Ella Bruccoleri: 'Other Bennet Sister' takes Mary off the sidelines

NEW YORK, May 6 (UPI) --Call the Midwife and The Strangers star Ella Bruccoleri says The Other Bennet Sister finally empowers Mary Bennet to determine what is best for herself, not just her fortune-seeking family.

"She's on the sidelines of the Pride and Prejudice story, but she's also kind of on the sidelines in her own life," the 35-year-old British actress told UPI about Mary in a recent phone interview.

"She's kind of grown up in the shadow of her sisters and told by her mother that she's innately unlovable, really, and, so, for me, it's a story about her learning to shut out those voices and having to remove herself, quite literally, geographically, move to a different place, so that she can kind of figure out who she is," Bruccoleri said.

"She kind of intellectualizes everything and she sort of shut down a little bit or repressed herself emotionally a little bit over the years just because it would be hard not to if you had that upbringing where you just felt like you were emotionally neglected. So, she's just hardened herself to all of that."

Led by showrunner Sarah Quintrell, the 10-part adaptation of Janice Hadlow's novel follows the oft-overlooked sister of Regency-era heroines Elizabeth and Jane Bennet from Jane Austen's early 19th-century classic, Pride & Prejudice.

After her father (Richard E. Grant) dies and her mother (Ruth Jones) moves in with Jane, spinster Mary moves from the bucolic countryside to busy London to serve as governess to the three precocious children of the Gardiners, her aunt and uncle (Indira Varma and Richard Coyle), and has the opportunity to re-invent herself.

"She meets these two men, actually, who teach her to trust her feelings a bit more and just trust that she has this depth of emotion and that she can not feel afraid to access it and let it out," Bruccoleri said, referring to Donal Finn's Tom Hayward and Laurie Davidson's William Ryder. "She kind of goes on this journey towards loving herself, I suppose."

Bruccoleri hopes viewers who don't see themselves in the more conventionally desirable Lizzy and Jane will be able to relate to awkward, down-to-Earth Mary.

"The way Sarah always phrases it, is that everyone kind of wants to be a Lizzy," she said.

"You want to have the right thing to say at every possible moment and you want to have that ready charm and wit, but most of us feel like Mary, where you just feel like you don't know what you're doing most of the time and you're just fumbling your way through life."

Quintrell told UPI in a separate Zoom interview that she sees this story as that of a young woman who feels like she's on the outside of a world she can't get in.

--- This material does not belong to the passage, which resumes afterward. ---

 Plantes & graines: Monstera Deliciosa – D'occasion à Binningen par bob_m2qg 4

"She feels like everything she does is wrong," the writer-producer said.

"Everything she says is wrong. I think it's about feeling like society places standards on her that she can't reach and is telling her what her values should be and they don't align."

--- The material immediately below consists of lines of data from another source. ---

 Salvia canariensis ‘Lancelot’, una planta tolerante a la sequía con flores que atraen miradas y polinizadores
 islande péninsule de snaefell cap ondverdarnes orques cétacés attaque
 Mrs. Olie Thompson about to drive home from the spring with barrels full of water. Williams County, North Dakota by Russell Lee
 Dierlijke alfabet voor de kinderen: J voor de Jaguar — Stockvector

Quintrell also was excited to explore what she categorized as "the transformative power of kindness," courtesy of Mrs. Gardiner.

"We don't pay a great deal of respect to young women and this is about what happens when we take someone and we're kind to them," the show-runner said.

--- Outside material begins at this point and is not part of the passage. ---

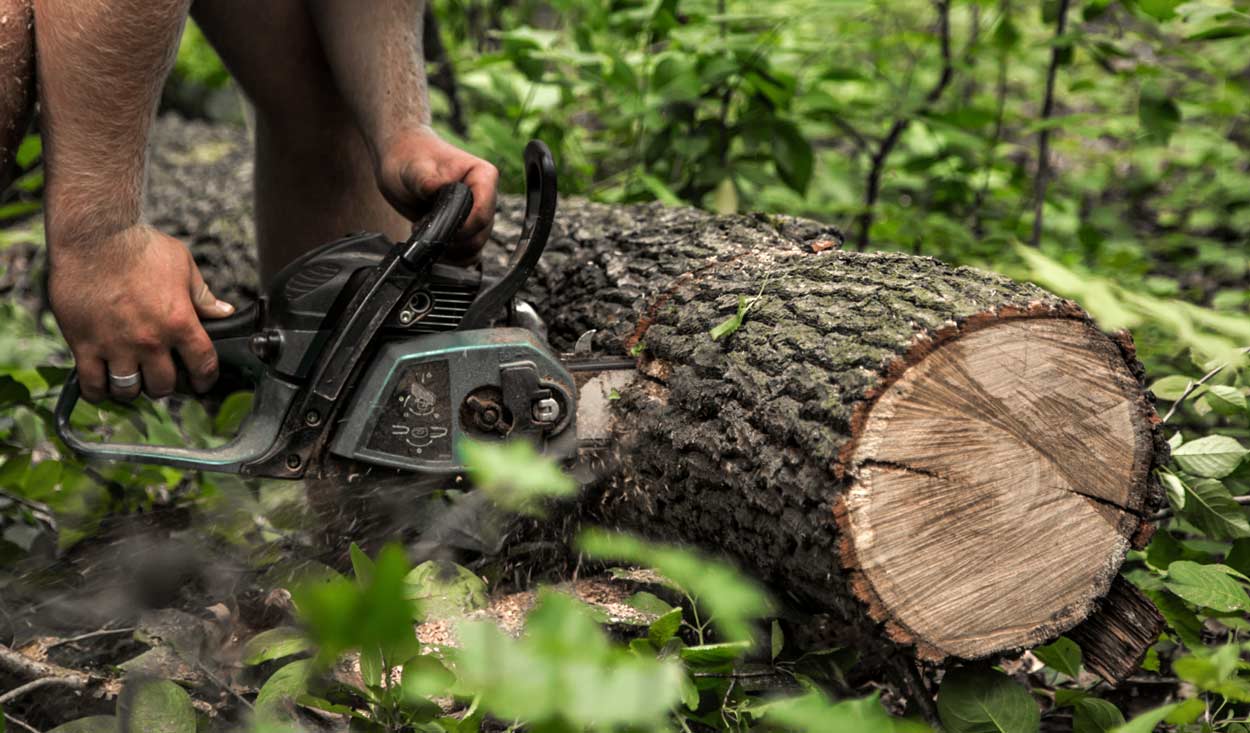 découpe d'une grosse branche à la tronçonneuse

"What happens when we're not judging them or telling them how they should live, but we're just kind of shepherding them and buffering them and saying, 'Well, do you think...?' fostering confidence in them, and what a gift that is," she added.

"It's set in a really familiar world and I felt that we could have real fun with it and, so, thematically, I felt like there was tons for me to add and explore. But I love Janice's book and what she'd done and I wanted to retain as much of it as I possibly could."

Finding the ideal actress to play Mary made Quintrell's job easier since the character is in every scene of the show and must convey a wide spectrum of emotions.

"My writing is that mix of humor and drama. Once you've gone down that, you've got to find someone who can play the pain and the laugh-out loud moments and move back and forth between the two at speed turning on a sixpence," Quintrell said.

"It requires real skill and nuance from an actor, so it's not easy to cast," she added. "I was in the room when [Bruccoleri] did her final audition, and she just got it and there, in front of us, was Mary, and we all knew it, and we all felt it. She was so funny and so moving."

The series aired on the BBC in the United Kingdom in March and premieres on BritBox in the United States Wednesday.